I won't get into the philosophy of Bayesianism (partially because I don't quite understand it). The best I can do is imagine a Bayesian as a poker player: they don't consider the data in their hand (e.g., their current cards) to be random: they consider it a given, and they want to make the best predictions possible about the next cards to be drawn, conditional on the evidence in their hand. Seems reasonable enough, but it turns out this is in direct opposition to Frequentism.

Parsimony and Hierarchical Bayes


But, one nice feature about Bayesianism is that we can encode into our statistical models an old ideal from Occam: "parsimony". Basically, we say "Don't tell me a dolphin is immortal unless you have a lot of data!" Technically, we can use "hyper-prior" distributions on parameters like survival to force simplicity in lieu of strong evidence, but allow for more complex models if there is a lot of data and larger sample size.
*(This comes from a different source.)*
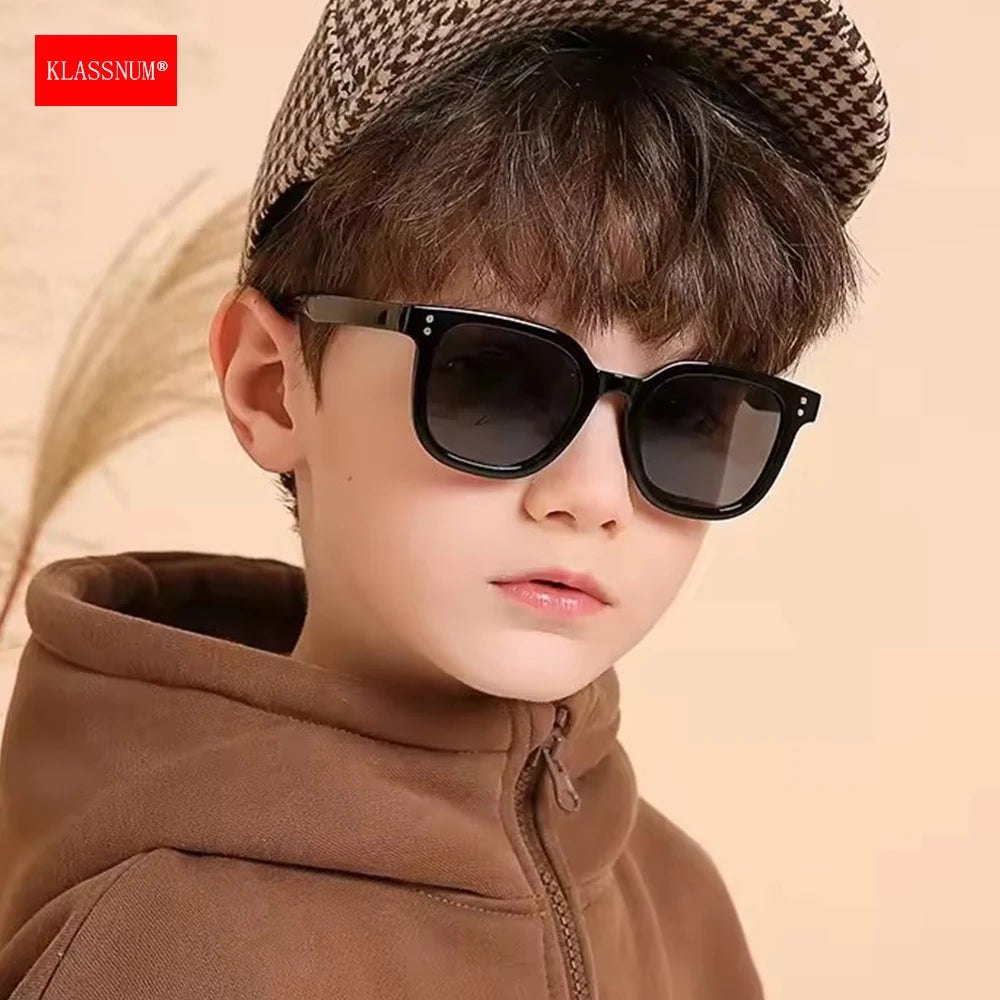 KLASSNUM 2026 Kids Sunglasses – Large Square UV Protection Shades for Ages 2–8, Trendy Black Sun Glasses for Boys & Girls Outdoor Travel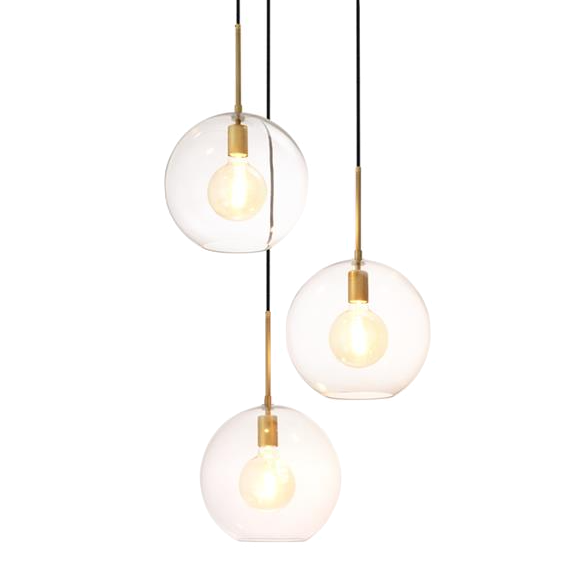 Люстра Chandelier Tango 3 light Латунь Античная полированная Темная бронза Прозрачное Стекло в Перми | Loft Concept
This is demonstrated nicely in the following animation.


Look at the red Maximum Likelihood Estimates on the Right (a Frequentist tool). They are estimating a probability p  from a series of 0-1 outcomes (like, the number of dolphins captured from N available), and this is done in parallel during 10 different "groups" (like 10 independent experiments). Notice that the ML Estimates  stay the same over a wide range of data/evidence (even though the "true" mean is around 0.5), and they vary from p=0.2 to p=1. However, the Hierarchical Bayesian posteriors (in purple) behave very differently. When the sample size is small (5 observations per group), each group is shrunk to the overall mean at 0.5. It is only as the sample size increases that each group is allowed to take on their own individual values; and eventually, with a lot of data, each groups' posterior expectation becomes nearly the same as the MLE.

This is a type of "model parsimony": with only a little bit of data, our model is simple (all groups have the same estimate, and the estimate is the group mean at 0.5). With more data, our model becomes more complex (all groups share a mean, but they can also have individual variation, each with their own parameter p).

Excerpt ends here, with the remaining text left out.